Reviews

Palm Wine & Stout (Tour – Sudbury)

What happens when a young man of White British and Black Nigerian parentage goes on a visit to his father’s country?

Antoinette Marie Tagoe, Ricci McLeod, Itoya Osagiede & Sioned Jones
Antoinette Marie Tagoe, Ricci McLeod, Itoya Osagiede & Sioned Jones
© Mike Kwasniak Photography 2014

Segun Lee-French's play Palm Wine & Stout was first toured by Eastern Angles four years ago. It has now been revived for an extended spring season across East Anglia, again directed by Ivan Cutting and this time with Nicola Pollard as assistant director.

In the years since Jane's relationship with Abraham in the UK, their son has grown into manhood and is now a successful business professional. Taiye knows that he is the surviver of a twin-birth which claimed his brother's life but it doesn't really disturb him.

Until, that is, he and Jane travel to Nigeria to meet his father and the patriarch’s extended family.
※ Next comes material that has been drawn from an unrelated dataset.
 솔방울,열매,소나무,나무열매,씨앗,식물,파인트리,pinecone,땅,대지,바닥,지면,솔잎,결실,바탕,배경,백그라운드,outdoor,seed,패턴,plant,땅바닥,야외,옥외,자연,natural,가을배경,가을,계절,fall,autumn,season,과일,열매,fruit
Prominent among these are his half-brother Femi, Femi's mother Stella (Abraham's senior wife) and an aged aunt, Cynthia.

Now Taiye discovers that centuries of tradition hold more sway than its more recent Christian overlay; he exists because his twin did not – could not – survive. There may be a price to be paid for that.

The contrast of attitudes as well as customs is well brought out by the cast. Sioned Jones' Jane is balanced by her metamorphosing into Jonas, an elder on the make in more senses than one. Antoinette Marie Tagoe has all the authority of rank when playing Stella and that of revered age when she is Cynthia.
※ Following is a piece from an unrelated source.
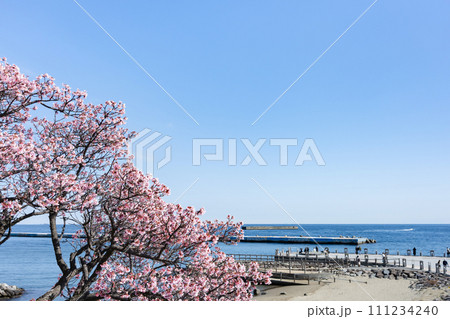 静岡県熱海市 海岸の風景 静岡県熱海市 海岸の風景 111234240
Ricci McLeod conveys all the levels of exasperation which overwhelm Taiye – he's interested in his native background but concerned about his urban future; he's happy to see his father and half-brother, but disturbed by alien attitudes to the dead as well as to the living.

Femi is a happy-go-lucky young man on the outside, but he too has frustrations which eventually boil over. Itoya Osagiede switches from this into Abraham's certainties as a respected chief who accepts his different levels of obligation with ease. All the actors also play the ancestral spirits who pervade village life, sing and dance.

Some enterprising company should perhaps pair this with Janice Okoh's Egusi Soup – and even commission a third piece to round off the exploration of the British-Nigerian experience in dramatic terms.

Palm Wine & Stout tours across East Anglia until 24 May.